How can that be? Well, it takes learning from experience to become more successful. If you seek experience just by trying things on your own, it takes a lot of mistakes before you learn enough lessons to avoid mistakes often enough to mark an improvement. By putting in more effort, you initially just increase the day-to-day frequency of mistakes. Oops!
Other people, realizing that making mistakes is usually a slow and costly way to gain enough experience, take the time to study others. Pretty soon, they may think they know what to do. They start doing the same things those they study have done … but the results usually aren’t as good.
Why? This quote from Sun Tzu will help you understand: ”All men can see these tactics whereby I conquer, but what none can see is the strategy out of which victory is evolved.” As conditions change, a strategy often has to be adjusted. As a result, someone who is just copying previously successful tactics will be left out in the cold.
Still optimistic that they can improve, some other people will seek books that proclaim formulas for success: strategies for all seasons. When trying to apply such books, many are more entertaining than helpful in providing sufficient directions to consistently produce superior results.
At this point the academically inclined may sign up for a course, or even a degree program, to gain the necessary insights. While the idea is commendable, unless such a learner is careful the course or program may do nothing more than recount the successful tactics of the past and encourage their adoption.
The wise person seeking advancement in work or career draws a different conclusion: Pick an area where little is known and do original work to identify what strategies and practices will most consistently deliver superior results.
As I think about these choices for gaining useful insights, I’m reminded of my outstanding faculty colleague at Rushmore University, Professor Georgette Boele, who also earned her Ph.D. degree from our university. Let me tell you a little about her.
After earning a degree in economics from the University of Amsterdam, she first worked as a mortgage and financial planning specialist in the insurance industry. Wanting more fast-paced and challenging work, she moved into financial markets, specializing in foreign exchange, which move rapidly and are heavily influenced by other markets. Boredom isn’t possible.
To gain more expertise Professor Boele first earned the ACI Diploma, which ACI describes as providing “superior theoretical and practical knowledge of the foreign exchange and money markets, their related instruments, and the linkages that exist between those markets and the practice of risk management.” Intrigued by what she learned, she decided next to study for a doctorate by researching the then fairly new Euro/US Dollar Interbank market.
Not satisfied with the lofty challenge of analyzing something so relatively unmapped, she made a fateful decision to employ an unusual method of investigation: applying the concepts of business strategy to uncover successful trading strategies for this market. Her decision was brilliant and yielded many wonderful insights that enabled her to better appreciate the interactions among the relevant markets.
Due to the excellence of Professor Boele’s dissertation, her advisor encouraged its publication as a book, which came out in 2002: Strategic Market Analysis: Eur/USD Interbank Market as Diversified Organization. The research behind the dissertation and book greatly improved her understanding of this and the related markets.

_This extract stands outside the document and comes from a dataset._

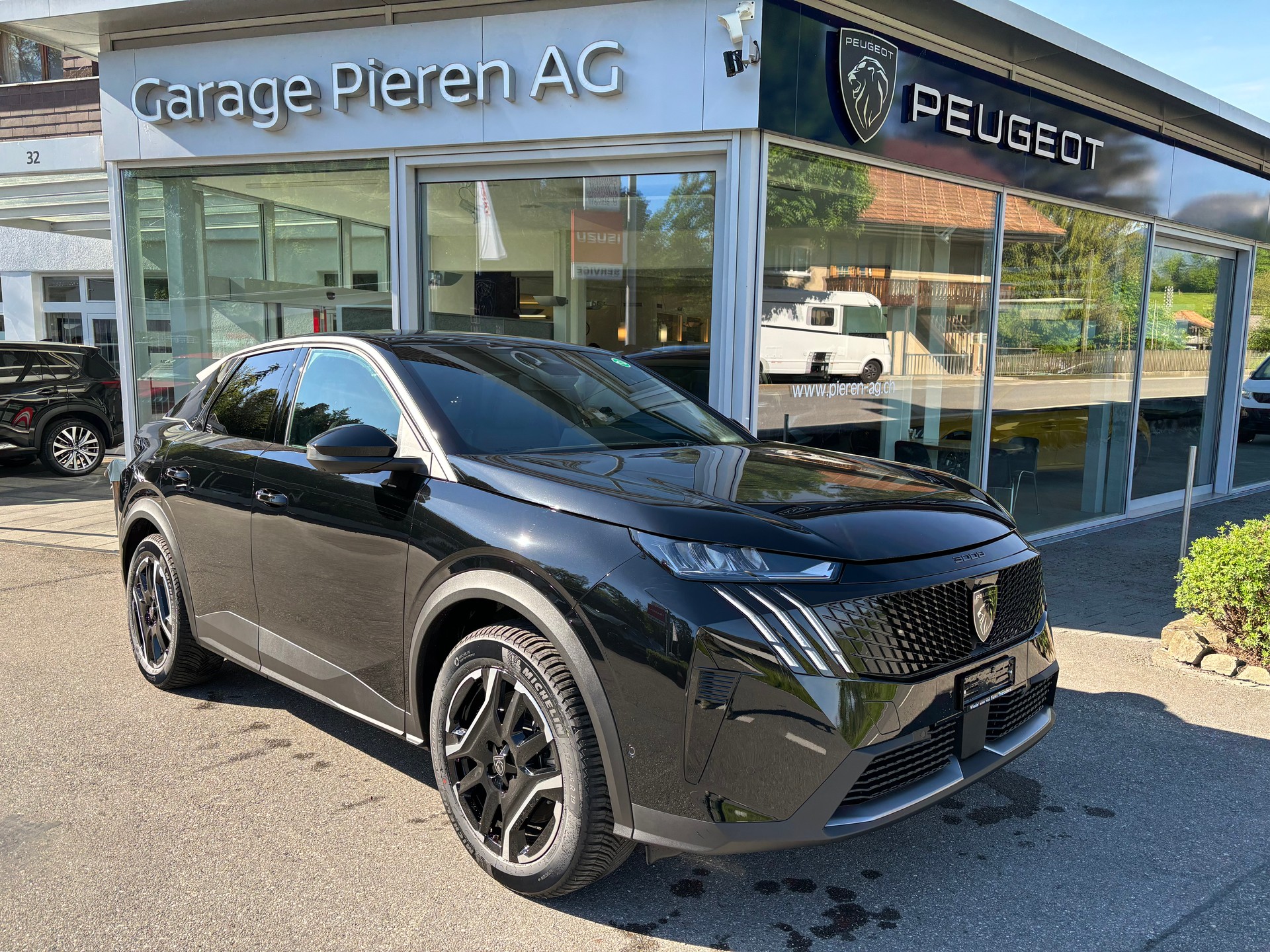 PEUGEOT 3008 73kWh Allure-image-0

I caught up with her recently to ask how these experiences had served her needs. She noted that people who have a goal should get busy achieving it. She is also a believe
in online education, based on her experiences as a student and as a professor. She’s excited by the opportunity to help others get the best out of themselves.

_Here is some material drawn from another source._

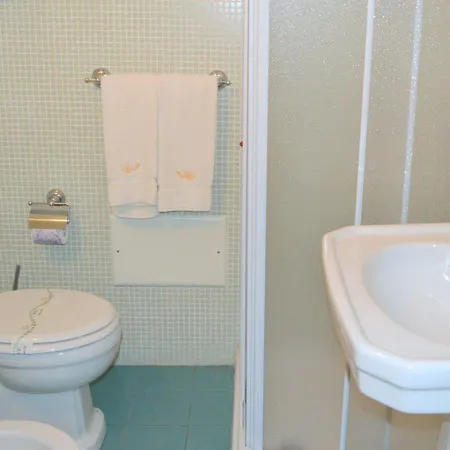 Donna Isabella Hotel 3*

Let’s get back to you. So what are seven essential work and career lessons for you?
1. Have goals for your work and career.
2. Look around to find where little useful experience has been developed in areas related to your work and career.
3. Add the skills and knowledge to expand well beyond the limits of what’s known today in such areas.
4. Do original investigations that employ unique methodologies to acquire insights and experience that will be unavailable to others.
5. Share what you know to establish yourself as an expert and to test the adequacy of your work.
6. Apply what you’ve just learned in your work to extend the insights and experience you’ve developed.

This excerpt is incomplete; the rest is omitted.